Eğirdir Gölü, günün değişik zamanlarında farklı renkler alan, gün batımında seyrine doyum olmayan, etrafı elma ve şeftali bahçeleriyle çevrili, berrak plajlarıyla ünlü, Türkiye’nin dördüncü büyük doğa harikası gölüdür.
Eğirdir Gölü, Sultan ve Karakuş Dağları’nın arasında ve il alanının ortasında yer almaktadır. Kuzey-güney uzunluğu 50 km olan, doğu-batı genişliği ise 3 ila 15 km arasında değişen Eğirdir Gölü, takriben 3.309 km2 lik bir havzanın sularını toplamaktadır. Gölün oluşumunda karstik yapının payı büyüktür. Ana kalkertemeli üzerinde yer alan çöküntü oluklarının birbirleriyle birleşmesiyle ortaya çıkmıştır. Göl, deniz yüzünden 916 m yükseklikte olup, ortalama derinliği 12 m kadardır. Maksimum derinliği ise Eğirdir yakınlarında 16.5 m’dir.
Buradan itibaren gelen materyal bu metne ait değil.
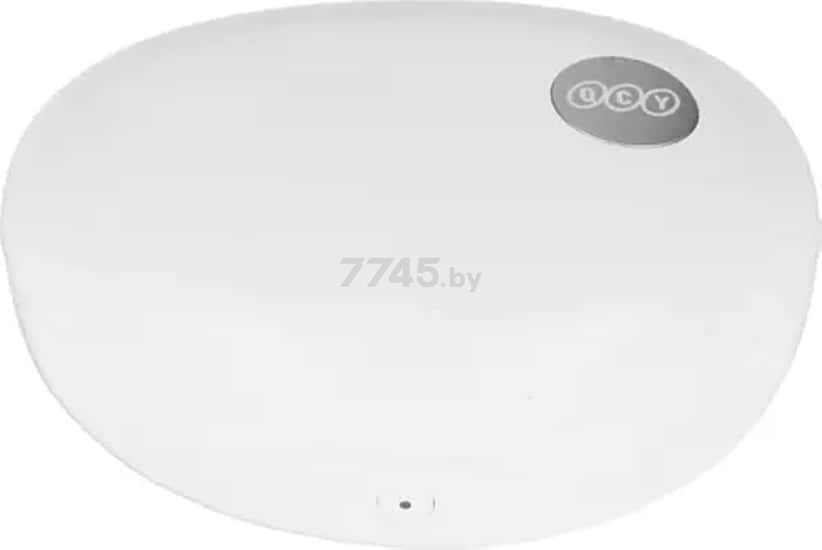 Наушники-гарнитура беспроводные TWS QCY T16 White (QCYT16W) - Фото 10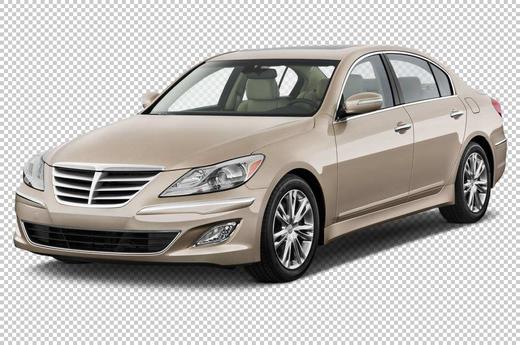 特价月租-豪华汽车租赁 自动时尚型 商品图0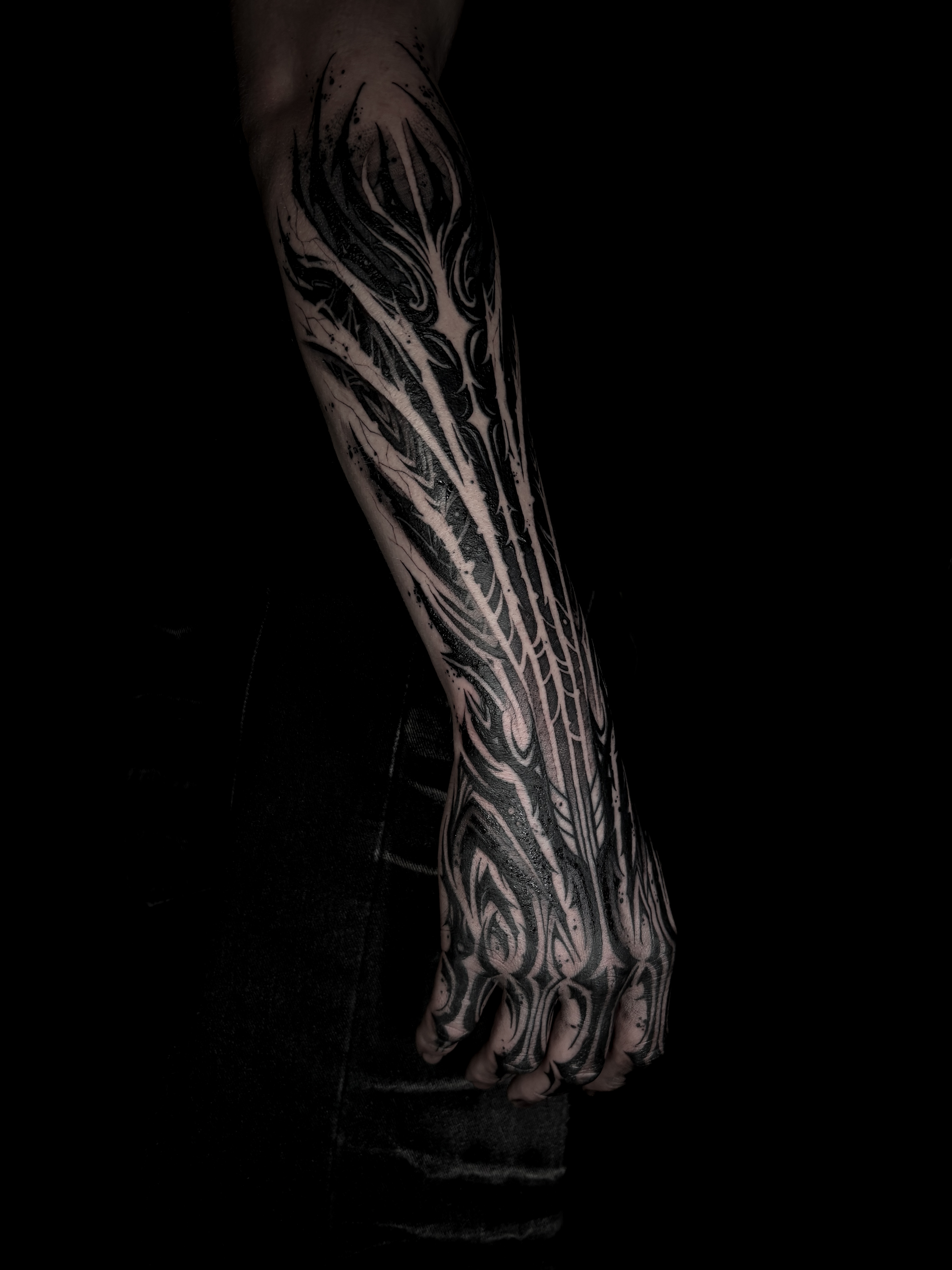 Un beau tatouage dans la durée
Eğirdir Gölünün güneybatı sahillerinde derin ve kuytu koyları vardır. Sarp kayalar ve yarlar bu koylara çok güzel görünümler vermektedir. Göl kuzeyden güneye uzanmakta ve yeraltı su kaynakları ile beslenmektedir. Bu kaynak suları gölün içinde muhtelif yerlerden çıkmaktadır. Göl kaynak sularından başka, civardaki pınarlardan da beslenmektedir. Bunların başlıcaları, Gençali’nin yanından çıkan ve hemen göle giren Kanlı Palamut Pınarı, bu pınarın hemen güneyinde bulunan KaraotAvlığı Pınarı ile Tırtar altından çıkan Koca Pınar ve Havutlu Pınarlarıdır.
Eğirdir Gölünde poyraz rüzgarları tehlikeli dalgalar yaratabilmektedir. Eğirdir Gölü iki kısma ayrılmaktadır. Kuzeyde kalan ve daha küçük göl kesimine Hoyran Gölü, güneyde kalan kesimine ise Eğirdir Gölü denir. Her iki göl Hoyran Boğazı ile birbirine bağlanır. Gölün kenarları genellikle diktir. Bu dikliğin kaybolduğu Gelendost ve Hoyran yörelerinde göl kıyısında bataklıklar bulunur. Gölde, Eğirdir ilçesinin üzerinde bulunduğu yarım adanın bir uzantısı gibi küçük iki ada vardır. Biri Can Ada, diğeri Yeşilada (Nis)’dır. Son yıllarda göl sularının azalmasından yararlanılarak bu adalar birbirine ve Eğirdir’e bağlanmış bulunmaktadırlar. Gölde farklı türlerde balıklar vardır. En ünlüleri: Çapak, siraz, çiçek, levrek ve sudaktır.